Solar projects and "public utility property"

Solar projects and "public utility property"

June 19, 2019 | By Keith Martin in Washington, DC

Solar projects owned by regulated utilities are not “public utility property” if the electricity is sold at market rates, the IRS confirmed.

By law in Utah, a customer can negotiate directly with a solar developer to buy electricity from a solar facility that the developer plans to build. The customer and developer enter into a power purchase agreement. The solar facility and contract are then sold by the developer to the utility.

A concern when a regulated utility owns a solar facility is whether an investment tax credit and accelerated depreciation can be claimed on it.

Utilities could not claim investment tax credits on solar facilities before 2008 as Congress worried that utilities would squeeze out independent solar developers. Since then, an ITC can be claimed, but utilities must still clear one more hurdle. Utility ownership will turn the solar facility into “public utility property” if the rates at which the electricity is sold are “established or approved” by a public utility commission on a rate-of-return basis.

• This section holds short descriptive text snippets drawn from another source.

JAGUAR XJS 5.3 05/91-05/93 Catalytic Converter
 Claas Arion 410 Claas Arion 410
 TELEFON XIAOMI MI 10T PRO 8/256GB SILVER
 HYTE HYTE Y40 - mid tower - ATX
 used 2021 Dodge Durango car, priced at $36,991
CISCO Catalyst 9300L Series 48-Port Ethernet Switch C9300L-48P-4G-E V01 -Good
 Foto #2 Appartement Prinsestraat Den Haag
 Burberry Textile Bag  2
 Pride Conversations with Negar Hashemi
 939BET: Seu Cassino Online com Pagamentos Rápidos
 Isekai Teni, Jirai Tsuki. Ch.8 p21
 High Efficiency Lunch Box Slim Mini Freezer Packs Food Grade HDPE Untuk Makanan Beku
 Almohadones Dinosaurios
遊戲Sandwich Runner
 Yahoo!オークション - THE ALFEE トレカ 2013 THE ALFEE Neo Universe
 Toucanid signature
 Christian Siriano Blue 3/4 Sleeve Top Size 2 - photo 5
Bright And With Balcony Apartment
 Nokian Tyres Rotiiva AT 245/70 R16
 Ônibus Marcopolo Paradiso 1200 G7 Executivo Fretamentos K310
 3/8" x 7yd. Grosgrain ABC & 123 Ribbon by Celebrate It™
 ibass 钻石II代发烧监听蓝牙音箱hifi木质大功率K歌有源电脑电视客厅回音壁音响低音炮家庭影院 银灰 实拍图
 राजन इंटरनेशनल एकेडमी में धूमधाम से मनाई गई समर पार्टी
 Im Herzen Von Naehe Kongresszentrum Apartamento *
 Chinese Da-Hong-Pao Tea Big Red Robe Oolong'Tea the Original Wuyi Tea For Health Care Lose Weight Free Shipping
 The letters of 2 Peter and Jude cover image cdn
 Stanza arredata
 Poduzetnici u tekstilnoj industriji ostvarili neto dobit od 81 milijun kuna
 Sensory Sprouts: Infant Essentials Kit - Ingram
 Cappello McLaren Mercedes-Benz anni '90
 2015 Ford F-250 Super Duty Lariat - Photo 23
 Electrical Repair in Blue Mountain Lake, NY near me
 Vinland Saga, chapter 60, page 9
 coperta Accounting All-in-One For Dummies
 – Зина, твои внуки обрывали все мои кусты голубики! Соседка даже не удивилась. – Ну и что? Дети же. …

In a game of chicken in 1969 with state regulators, the utilities asked Congress to deny them accelerated depreciation on “public utility property” if they are forced by regulators to pass through these tax benefits to ratepayers too quickly. Any sharing of benefits with ratepayers must not be faster than is allowed under a “normalization” method of accounting. Normalization also applies to the investment tax credit.

The IRS confirmed in a private letter ruling made public in June that solar facilities that utilities acquire under a Utah-like program are not “public utility property” since the electricity is sold at rates that the customer negotiates directly with the solar developer rather than at regulated rates. The ruling is Private Letter Ruling 201923019.

The conclusion is not a surprise, but the ruling may still prove helpful in some tax equity transactions. Not every utility is able to use the tax benefits. Some regulated utilities are entering into tax equity transactions to convert the tax benefits into current cash that can be used to help pay the project cost. There is a premium on structures that avoid subjecting the tax benefits to normalization.